To me, Geography is a really important subject.  It can help develop literacy and numeracy and ties the natural and human worlds together.  More importantly, the whole point of geography and geographers is to change the world.  Tackling stuff like this:
One of the barriers I often talk about with fellow geographers is around fieldwork. Namely, how do we get a rich a varied fieldwork programme in to place?  Here's a series of lessons taught last week with Year 10.  In November, they will have to conduct fieldwork for their Controlled Assessment, and field sketching is always a nightmare: usually done badly when they should add value.  In addition, the class are currently tackling urban morphology.

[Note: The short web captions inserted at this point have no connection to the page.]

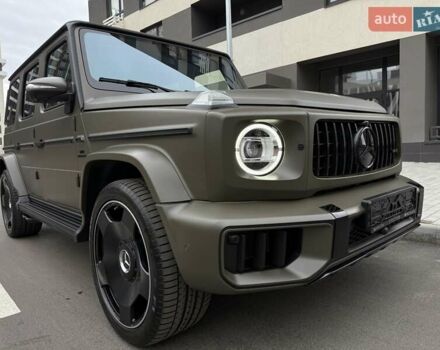 Зеленый Мерседес Г-Класс, объемом двигателя 3.98 л и пробегом 29 тыс. км за 155222 $, фото 15 на Automoto.ua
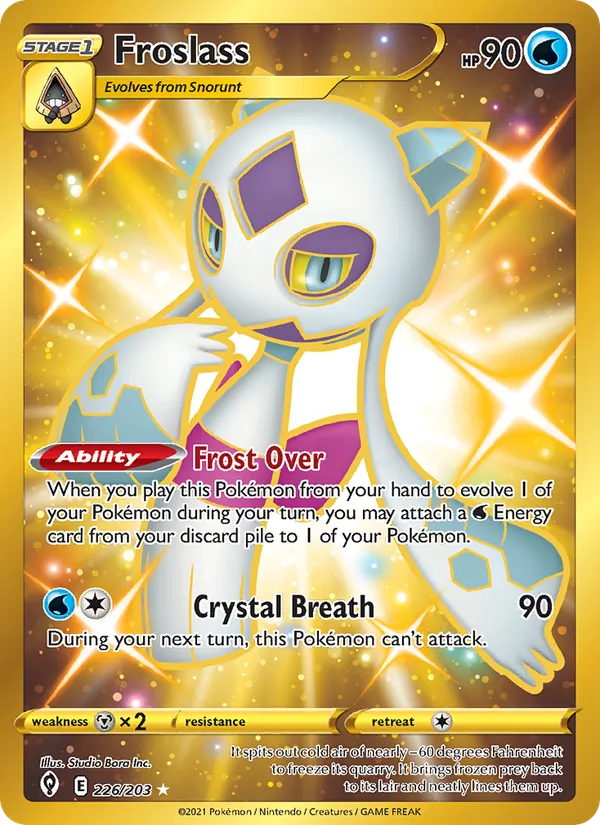 Froslass 226/203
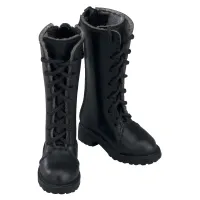 GOOD SMILE COMPANY Zip Boots (Black) - Harmonia series - photo 2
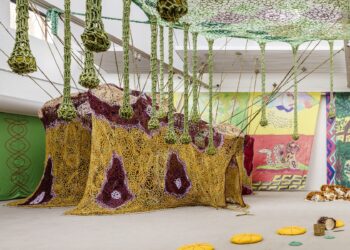 Ernesto neto-Womboa, mana ibu pustu (crédito_ Anders Sune Berg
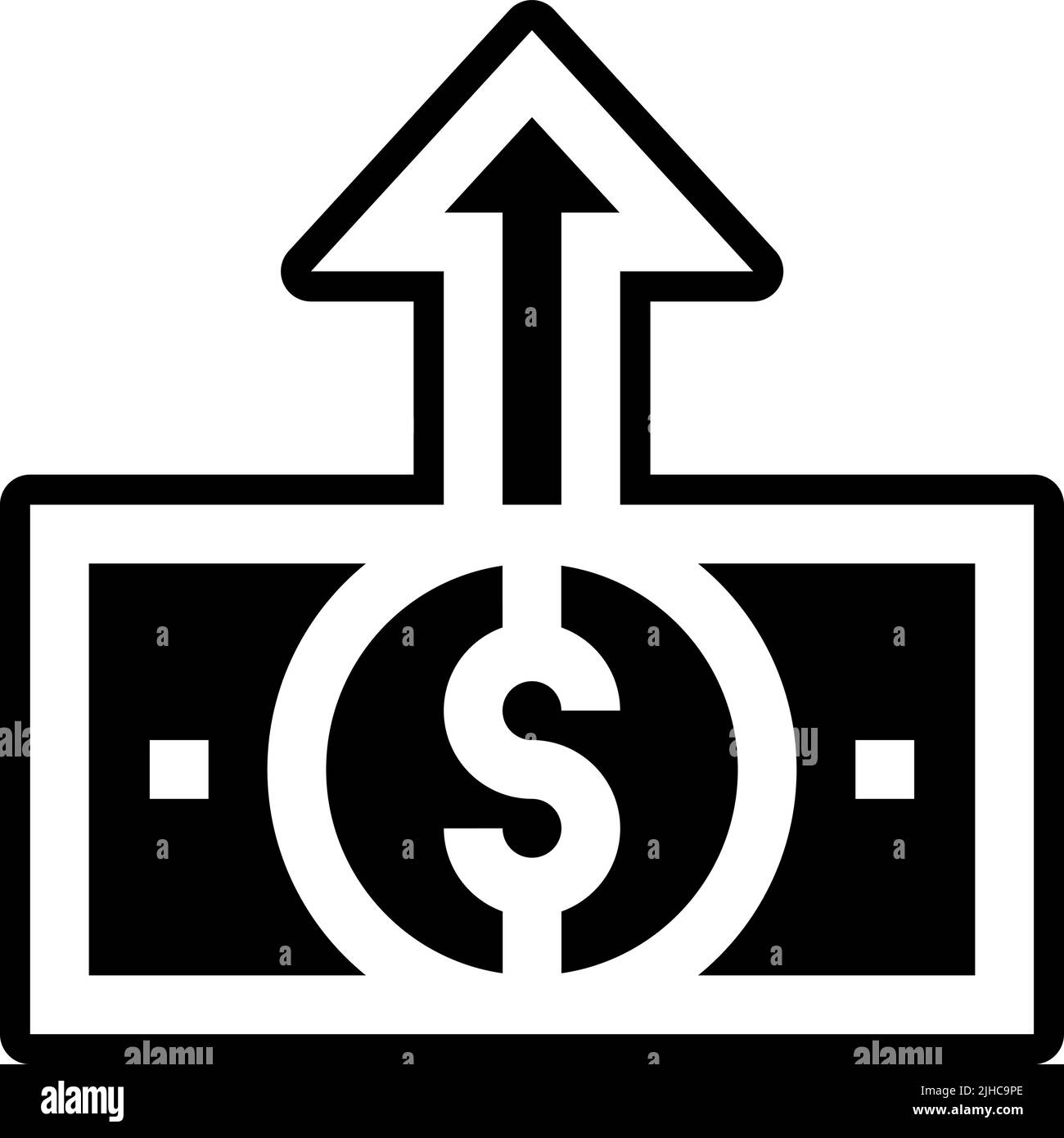 Investimenti in macroeconomia . Illustrazione Vettoriale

Our school in in an urban environment, and the sun was shining.

From September, the Field Studies Council are running a Year of Fieldwork to help devellop quality fieldwork skills.  With the shift away from extended projects toward GCSE fieldwork exams, it's even more important that students are engaged in high quality data collection from an early age.  In addition, it's going to be very important to balance the awe and wonder type trip, the residential that develops interpersonal skills and the need for young people to understand the process of fieldwork enquiry and primary data collection.
1. Pre work - we'd looked at patterns of urban land use and access to services, together with how that would affect the quality of life (health, wealth and happiness) of different groups of people.
2. The class had around 30 minutes to produce a fieldsketch 'over the fence.' Students were stationed around our school and asked to sketch the views at each cardinal and main inter cardinal points of the compass.
3. Back in the classroom the sketches were combined so we built up a picture of the land use and services around the school.  These were shared via the awesome Office Lens iOS app.  Students also peer and self assessed their own sketches, and set an aspiration for the next sketch.
4. A few days later (to simulate the gap between data collection and analysis), the class used their sketches to answer a range of questions such as 'describe the main land use around the school,' 'describe the pattern of land use.' 'Which part of the city are we in? Provide evidence.'  This allowed me to push the high quality of answer that I expect and made explicit the importance of gathering good data in the field.  
We shall repeat this a few times over this term so that the class are ready for when it really is high stakes.